I came up with something else:

Let y=2017

x^x^x^y=y
-> x^x^x^(x^x^x^y)=y
-> x^x^x^( x^x^x^(x^x^x^y))=y
...
-> Infinite tower of x^x...=y
-> x^(infinite tower)=y
-> x^y=y
-> x=y^(1/y)

thephysicistcuber

My mans flexing with the Supreme jacket 😂😂😂👌

SeaYou

"Isn't it?" is #1.
#2 is "... for you guys."

ffggddss

You can start from the easier equation and then raise x to the power of each.
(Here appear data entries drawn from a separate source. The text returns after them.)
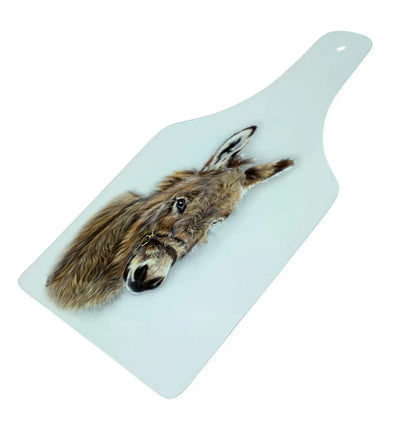 Donkey Bottle Shaped Glass Chopping Board - Cheese Platter, Donkey Worktop Saver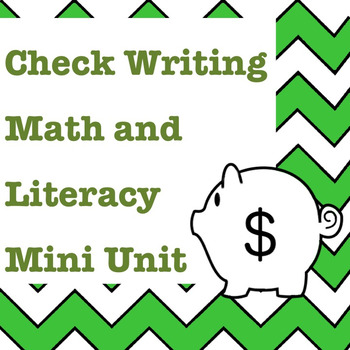 Preview of Numbers in Word Form and Check Writing Math and Literacy Mini Unit Activities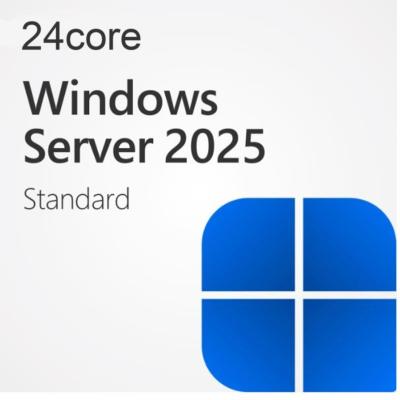 China Windows Server 2025 estándar 24 núcleo 100 usuarios 90 días de garantía Licencia de por vida en venta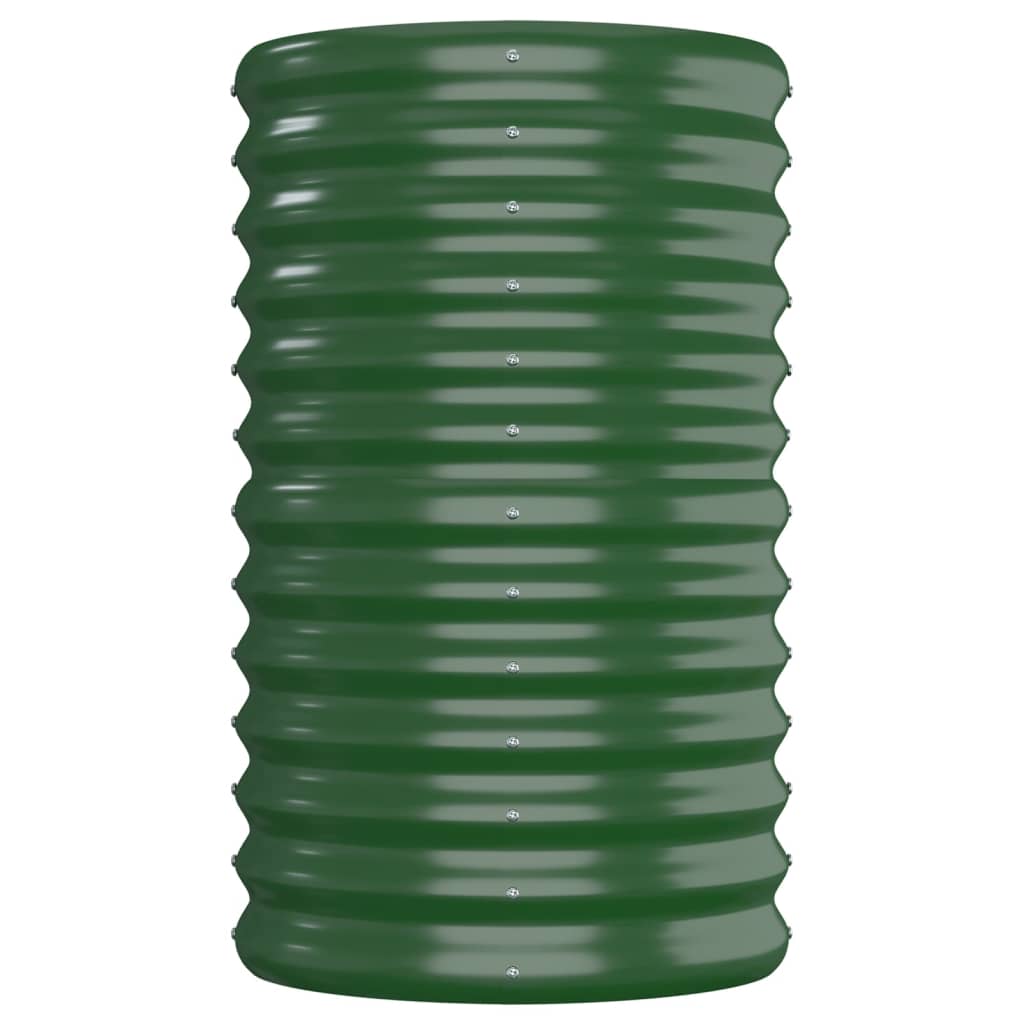 vidaXL Lit surélevé de jardin Acier enduit de poudre 152x40x68 cm Vert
On the left you get the intermediately difficult equation and on the right you get (2017^(1/2017))^2017 Wich gets you back to 2017. From there you can conclude that no matter how many X's there are your original solution for x will always be an answer.

deeptochatterjee

so if we have x^x^x^x^n=n the answer will be n^(1/n)?

atuuuuum

for x^x^x^x^... ad infinitum=2017, following the exponential order of operations, you can let y=x^x^x^...=2017, such that x^y=2017 or x^2017=2017, which reduces it to the first case. So in a way, it does work for "infinity". (Idea from Mind Your Decisions' Infinite Exponent Tower video.)

badrunna-im

I look forward to many, many more great integrations etc in 2018. Have a great year.

gadxxxx

I honestly love using logic as a way of solving complex equations

ethanalaniz

After considerable poking around on a calculator, I started thinking along the lines of solving one of those infinite power tower equations, where you just say, x^... = a ; xª = a ; x = ª√a .
Namely, I finally realized that if x²⁰¹⁷ = 2017, then that value will "propagate" from the top, all the way down.
So the solution is x = ²⁰¹⁷√2017 =

Because, given x²⁰¹⁷ = 2017, the 'tower' collapses, thus:

x^(x^(x^2017)) = x^(x^2017) = x^2017 = 2017

ffggddss

log_x (X^X^X^2017)= log_x(2017) we log both sides with log base x
X^X^2017= log_x(2017) we simplify the first part
X^X^2017=x^2017 we solve for second part
X^2017=2017 base are the same so much also be the powers
and you are done

sonaruo

I was thinking like:-
X^x^x^2017=2017
But 2017 on left is x^x^x^2017
If we do repeated substitution for 2017 on left
We get,

x^2017=2017
x=2017^1/2017

analyticssingh

Other solution. Plug left hand side in place of 2017 on and on, acquiring an infinite power tower = 2017. Infinite tower is x^(infinite towerl So x^2017=2017, and we find a root and we are done.

mateuszokulus

Take log_x on both sides 3 times
2017 = log_x(log_x(log_x(2017)))
Repeatedly applying log_x can't go down and back up or up and back down; it has to be a fixed point
So, log_x(2017) = 2017, which can be rearranged to x^2017 = 2017, so x = 2017 ^ (1 / 2017)

hhhhhh

And similarly, for all value a
a > 0,
X ^ X ^ X ^ a = a
implies that
X = a ^ (1 / a)

danielfernandocarballo